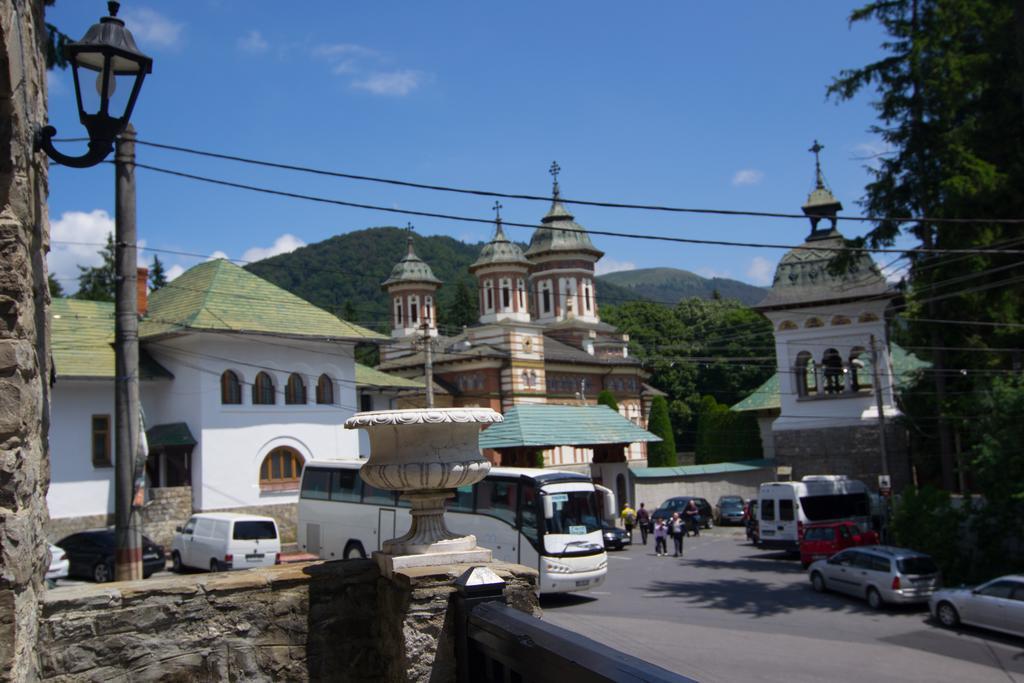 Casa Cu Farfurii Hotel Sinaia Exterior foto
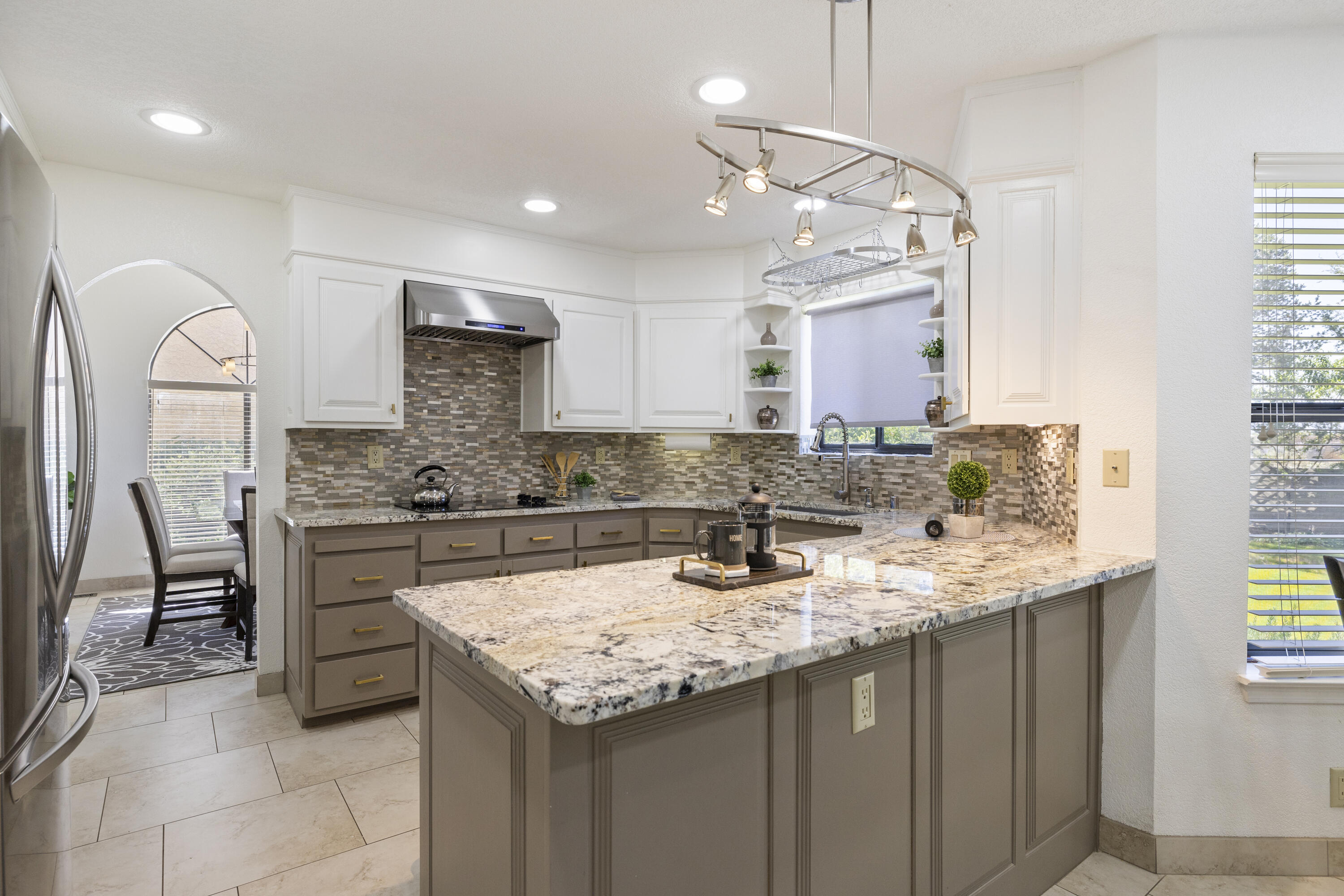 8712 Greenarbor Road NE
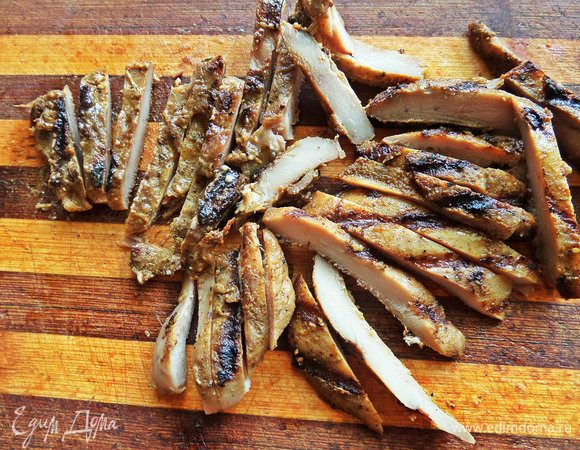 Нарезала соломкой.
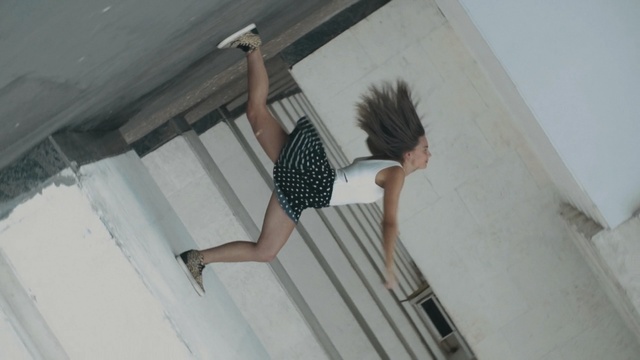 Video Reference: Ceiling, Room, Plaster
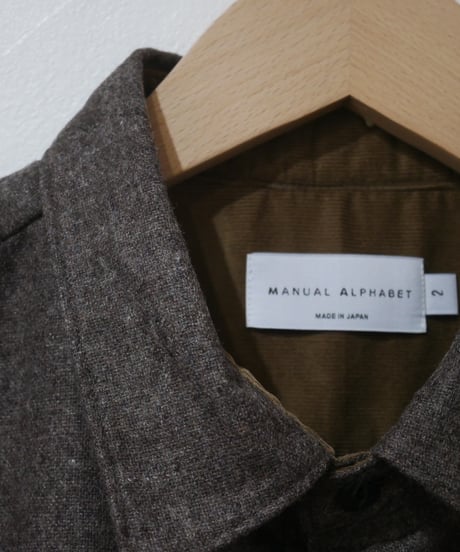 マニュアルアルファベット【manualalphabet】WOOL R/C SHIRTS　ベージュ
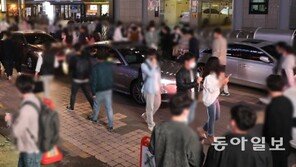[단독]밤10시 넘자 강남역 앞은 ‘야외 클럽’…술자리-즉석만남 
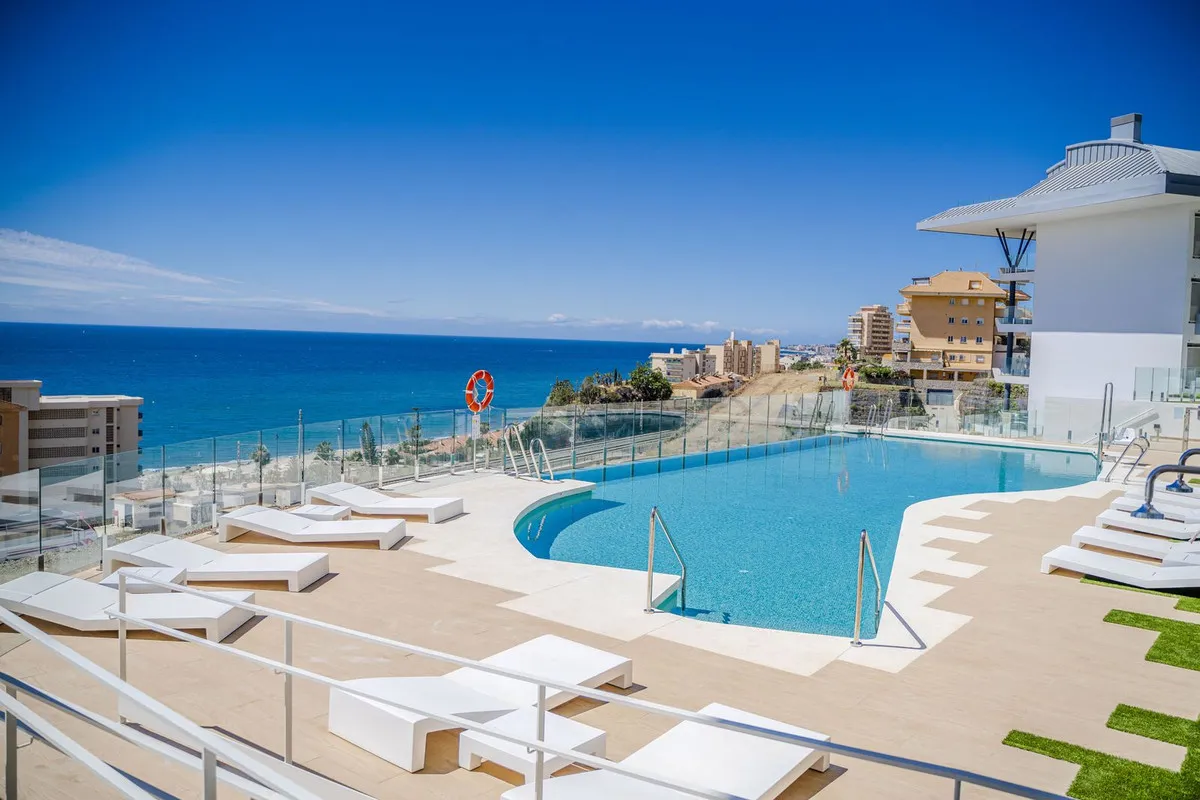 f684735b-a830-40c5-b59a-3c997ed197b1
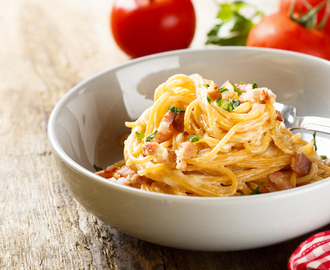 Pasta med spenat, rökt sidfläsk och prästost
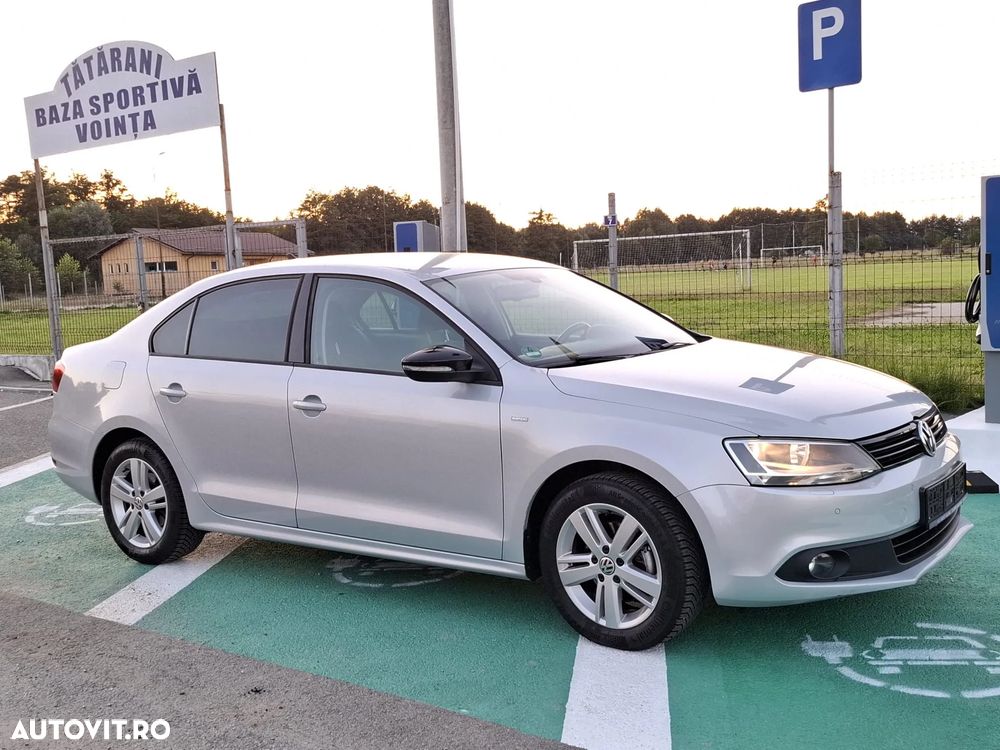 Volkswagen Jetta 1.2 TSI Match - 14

# # # #

▸ What the task requires
An answer that restates all the entries exactly and drops the images is what is needed.

▸ Written answer
 Casa Cu Farfurii Hotel Sinaia Exterior foto
 8712 Greenarbor Road NE
 Нарезала соломкой.
 Video Reference: Ceiling, Room, Plaster
 マニュアルアルファベット【manualalphabet】WOOL R/C SHIRTS　ベージュ
[단독]밤10시 넘자 강남역 앞은 ‘야외 클럽’…술자리-즉석만남 
 f684735b-a830-40c5-b59a-3c997ed197b1
 Pasta med spenat, rökt sidfläsk och prästost
 Volkswagen Jetta 1.2 TSI Match - 14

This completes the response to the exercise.